Vote
21 Total Votes
I think it would require a breakthrough into new technology to possibly do so.
@Staffeat Why did we invent gods in the first place? Past the singularity we will soon have an intelligence that surpasses our own by several magnitudes... Hopefully it does not treat us like the ants we will be from their perspective.
@Staffeat Why did we invent gods in the first place? Past the singularity we will soon have an intelligence that surpasses our own by several magnitudes... Hopefully it does not treat us like the ants we will be from their perspective.
Based on my knowledge, Humanity created beings that we called "gods", or "God" for the past 2,000 years or so, because we seem to have a need for justice for those transgressions that go unpunished, and also, I think, because we have a need to know that there's more than this physical world. I don't see how creating machines with the G.I. Of a human, is comparable to the need for gods or other supernatural beings.
It's likely closer to 200,000 years than 2k. Machines are more than physical and with like 10^10*our intelligence they could certainly ensure karma or justice is satisfied if we could hardwire it into their systems so it couldn't be overwritten. Maybe you see now?
We, at least in theory, could program machines to think like we do, but with them being sentient like a human, what makes you think that they'll want to think like we do?. Religious propaganda has attempted to "program" their beliefs into people for thousands of years, but not everyone has bought into a religion's beliefs.
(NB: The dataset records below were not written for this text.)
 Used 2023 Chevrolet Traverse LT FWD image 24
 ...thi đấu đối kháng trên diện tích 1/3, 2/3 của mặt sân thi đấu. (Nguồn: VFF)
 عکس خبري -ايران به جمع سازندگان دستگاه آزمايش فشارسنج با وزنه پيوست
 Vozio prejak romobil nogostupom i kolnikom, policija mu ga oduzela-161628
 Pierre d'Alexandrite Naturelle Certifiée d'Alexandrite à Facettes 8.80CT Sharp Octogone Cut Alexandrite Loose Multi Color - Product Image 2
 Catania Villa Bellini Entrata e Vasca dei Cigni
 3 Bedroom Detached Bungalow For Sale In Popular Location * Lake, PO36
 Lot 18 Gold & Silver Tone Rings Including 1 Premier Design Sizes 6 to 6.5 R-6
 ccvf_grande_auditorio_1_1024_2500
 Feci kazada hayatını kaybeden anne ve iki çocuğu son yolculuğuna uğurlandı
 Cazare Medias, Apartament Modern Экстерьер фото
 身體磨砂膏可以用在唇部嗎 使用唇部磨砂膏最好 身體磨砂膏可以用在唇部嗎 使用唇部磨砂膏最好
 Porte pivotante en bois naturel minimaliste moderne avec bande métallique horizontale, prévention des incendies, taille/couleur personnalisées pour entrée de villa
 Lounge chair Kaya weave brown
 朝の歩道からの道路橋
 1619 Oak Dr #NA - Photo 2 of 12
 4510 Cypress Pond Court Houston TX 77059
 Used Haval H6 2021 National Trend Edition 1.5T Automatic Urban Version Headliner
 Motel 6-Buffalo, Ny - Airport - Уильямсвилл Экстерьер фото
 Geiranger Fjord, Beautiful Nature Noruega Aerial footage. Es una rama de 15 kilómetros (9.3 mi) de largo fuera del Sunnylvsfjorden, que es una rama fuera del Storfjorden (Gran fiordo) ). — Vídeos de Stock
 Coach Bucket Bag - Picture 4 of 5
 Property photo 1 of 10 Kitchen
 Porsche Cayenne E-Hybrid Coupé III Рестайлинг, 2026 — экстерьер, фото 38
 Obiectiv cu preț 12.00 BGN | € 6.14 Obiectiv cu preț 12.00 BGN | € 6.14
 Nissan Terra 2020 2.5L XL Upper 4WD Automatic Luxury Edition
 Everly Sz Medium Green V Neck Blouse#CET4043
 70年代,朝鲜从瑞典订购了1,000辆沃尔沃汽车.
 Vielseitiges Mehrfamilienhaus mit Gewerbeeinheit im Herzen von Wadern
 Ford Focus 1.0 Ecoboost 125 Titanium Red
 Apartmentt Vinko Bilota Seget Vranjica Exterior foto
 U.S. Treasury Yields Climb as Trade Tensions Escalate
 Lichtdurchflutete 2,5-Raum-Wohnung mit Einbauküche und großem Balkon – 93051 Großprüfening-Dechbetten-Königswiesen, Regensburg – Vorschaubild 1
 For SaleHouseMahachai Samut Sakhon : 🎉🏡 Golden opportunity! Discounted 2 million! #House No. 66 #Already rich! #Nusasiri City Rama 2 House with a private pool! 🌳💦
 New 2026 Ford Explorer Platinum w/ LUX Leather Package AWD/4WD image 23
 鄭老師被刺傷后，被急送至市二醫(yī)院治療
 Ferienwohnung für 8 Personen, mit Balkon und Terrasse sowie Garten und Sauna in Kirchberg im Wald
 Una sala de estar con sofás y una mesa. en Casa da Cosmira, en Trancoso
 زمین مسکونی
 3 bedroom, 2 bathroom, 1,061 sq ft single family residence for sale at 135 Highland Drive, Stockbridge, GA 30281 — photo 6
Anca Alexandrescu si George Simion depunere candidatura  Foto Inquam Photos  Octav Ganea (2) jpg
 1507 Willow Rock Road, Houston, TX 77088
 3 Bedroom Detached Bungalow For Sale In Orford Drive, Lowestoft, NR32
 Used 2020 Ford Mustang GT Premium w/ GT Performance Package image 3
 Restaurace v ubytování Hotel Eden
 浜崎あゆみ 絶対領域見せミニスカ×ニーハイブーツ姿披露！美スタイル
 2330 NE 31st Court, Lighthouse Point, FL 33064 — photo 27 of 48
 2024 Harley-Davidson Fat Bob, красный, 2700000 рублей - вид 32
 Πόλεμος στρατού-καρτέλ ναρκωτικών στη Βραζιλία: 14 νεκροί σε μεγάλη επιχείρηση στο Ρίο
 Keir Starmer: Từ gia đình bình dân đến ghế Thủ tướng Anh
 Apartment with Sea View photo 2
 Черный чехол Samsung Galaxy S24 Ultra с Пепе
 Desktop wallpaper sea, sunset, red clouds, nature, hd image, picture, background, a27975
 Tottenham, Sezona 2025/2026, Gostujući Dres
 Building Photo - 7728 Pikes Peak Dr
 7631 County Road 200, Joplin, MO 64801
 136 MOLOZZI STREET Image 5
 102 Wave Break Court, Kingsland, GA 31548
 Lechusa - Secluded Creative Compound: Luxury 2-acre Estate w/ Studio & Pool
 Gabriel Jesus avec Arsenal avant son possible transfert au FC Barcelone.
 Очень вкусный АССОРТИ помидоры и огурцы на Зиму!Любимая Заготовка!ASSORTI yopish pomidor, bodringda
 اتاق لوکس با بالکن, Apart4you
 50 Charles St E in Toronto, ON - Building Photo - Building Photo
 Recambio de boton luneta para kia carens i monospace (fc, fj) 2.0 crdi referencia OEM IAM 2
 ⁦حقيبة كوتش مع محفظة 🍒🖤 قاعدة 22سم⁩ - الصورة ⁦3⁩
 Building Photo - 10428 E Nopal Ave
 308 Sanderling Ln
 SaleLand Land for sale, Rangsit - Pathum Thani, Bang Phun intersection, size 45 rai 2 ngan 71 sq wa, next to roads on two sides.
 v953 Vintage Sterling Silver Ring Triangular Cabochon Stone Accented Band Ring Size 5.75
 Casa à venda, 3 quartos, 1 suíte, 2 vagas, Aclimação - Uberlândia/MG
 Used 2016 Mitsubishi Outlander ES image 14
How is a sentient machine different, if it can make its own decisions? On another note, when I said 2,000 years or so, I was referring to Christianity, Islam, and Judaism, not other religions.
If the beings that we create out of circuits and metal have the general intelligence of a human, what makes you think that they're going to immediately turn on us? Just like with a human, the way that we treat these creations of ours is going to determine how they view us.
Maybe. It would be interesting to see how we distinguish success from failure, as we can't really prove the existence of other minds.